▶ _INPUT DATA_:
****************************************
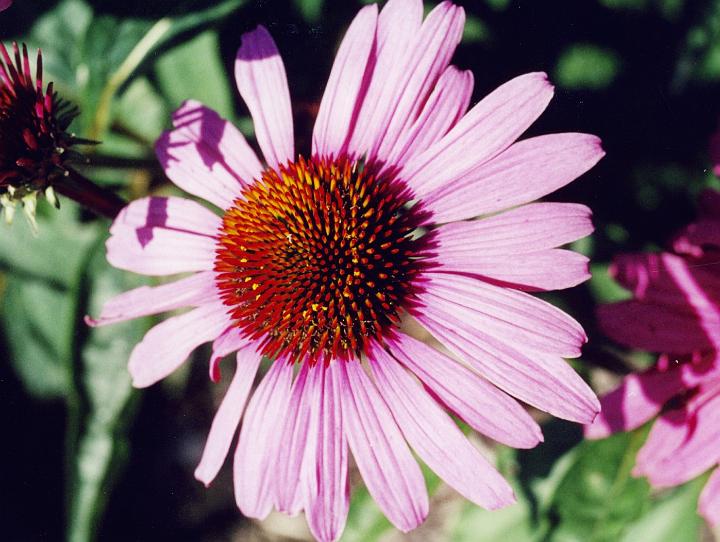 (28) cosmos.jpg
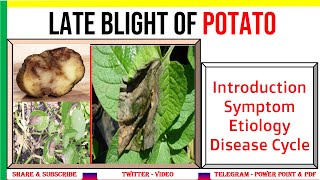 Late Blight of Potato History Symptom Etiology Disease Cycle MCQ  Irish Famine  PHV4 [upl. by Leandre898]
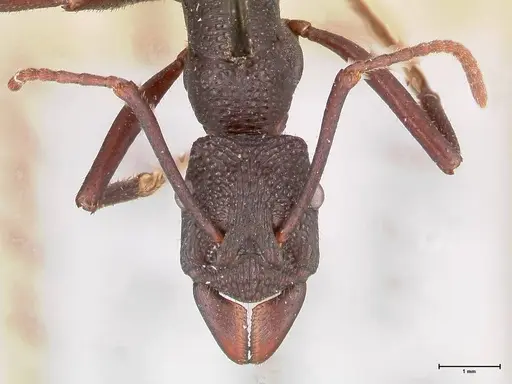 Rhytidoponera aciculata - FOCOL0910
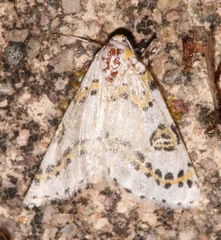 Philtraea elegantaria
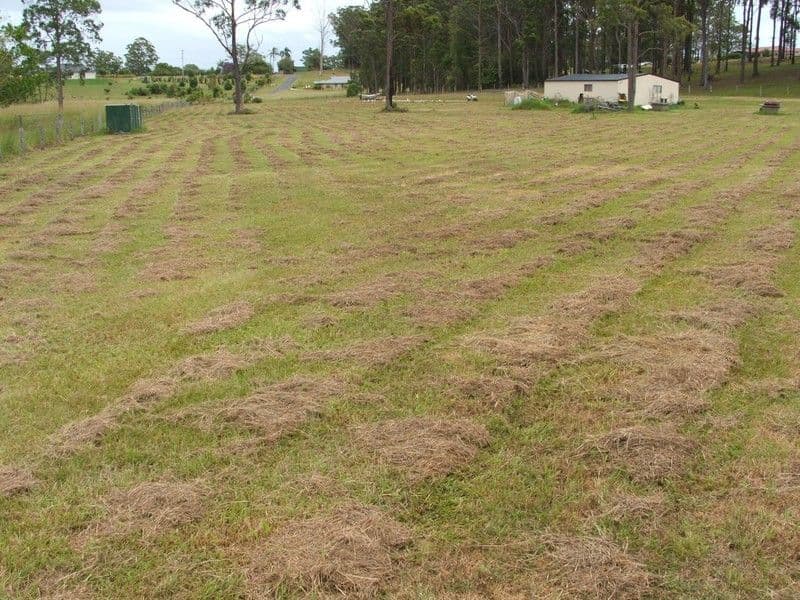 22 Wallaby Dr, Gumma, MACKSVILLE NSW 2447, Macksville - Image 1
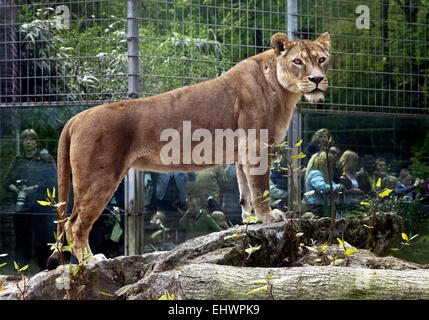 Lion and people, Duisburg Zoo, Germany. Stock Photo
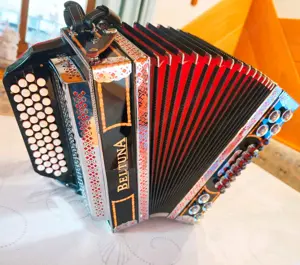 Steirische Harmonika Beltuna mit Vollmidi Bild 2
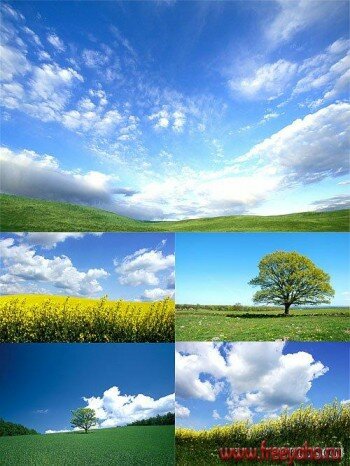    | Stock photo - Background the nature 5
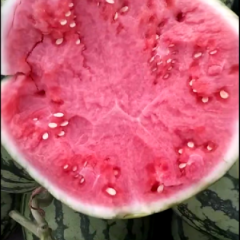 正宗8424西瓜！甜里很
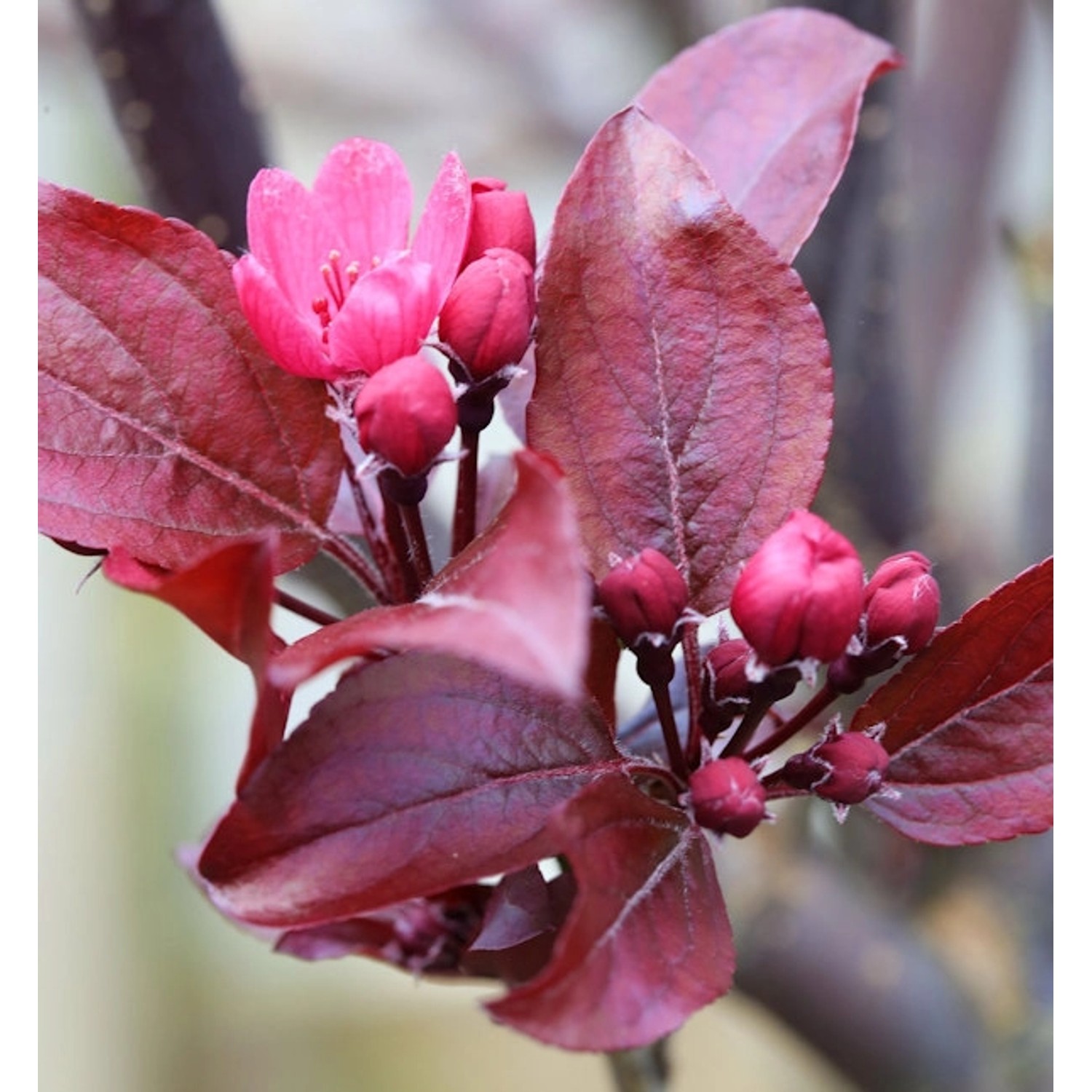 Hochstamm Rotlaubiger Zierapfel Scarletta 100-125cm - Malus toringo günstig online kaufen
****************************************
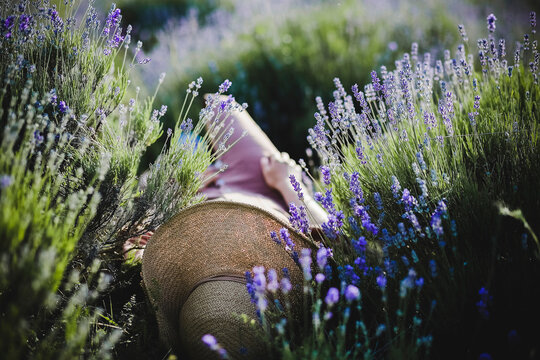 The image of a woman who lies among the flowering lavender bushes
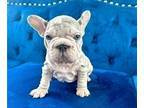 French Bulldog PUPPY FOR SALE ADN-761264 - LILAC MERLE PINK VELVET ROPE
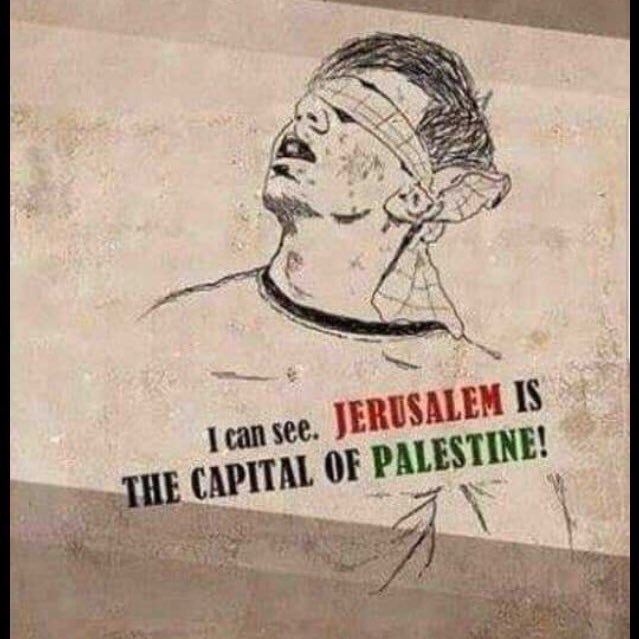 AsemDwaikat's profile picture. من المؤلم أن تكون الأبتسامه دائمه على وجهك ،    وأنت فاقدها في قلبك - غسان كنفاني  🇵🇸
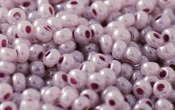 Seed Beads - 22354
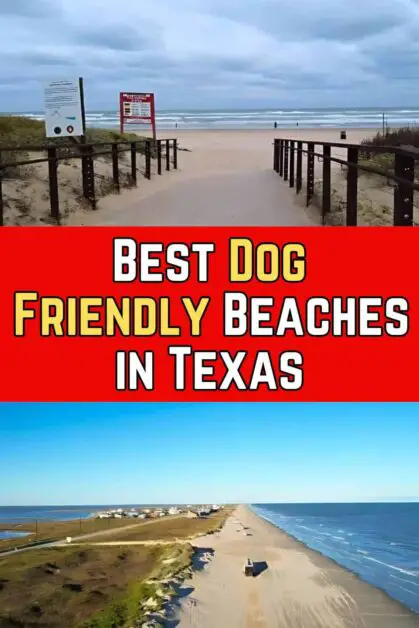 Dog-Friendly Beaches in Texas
****************************************
▶ _REQUIREMENT_:
Respond with the exact lines above running from the one containing "(28) cosmos.jpg" to the one containing "Hochstamm Rotlaubiger Zierapfel", both ends kept and no pictures included.

▶ _RESPONSE AREA_:
 (28) cosmos.jpg
 Late Blight of Potato History Symptom Etiology Disease Cycle MCQ  Irish Famine  PHV4 [upl. by Leandre898]
 Rhytidoponera aciculata - FOCOL0910
 Philtraea elegantaria
 22 Wallaby Dr, Gumma, MACKSVILLE NSW 2447, Macksville - Image 1
 Lion and people, Duisburg Zoo, Germany. Stock Photo
 Steirische Harmonika Beltuna mit Vollmidi Bild 2
    | Stock photo - Background the nature 5
 正宗8424西瓜！甜里很
 Hochstamm Rotlaubiger Zierapfel Scarletta 100-125cm - Malus toringo günstig online kaufen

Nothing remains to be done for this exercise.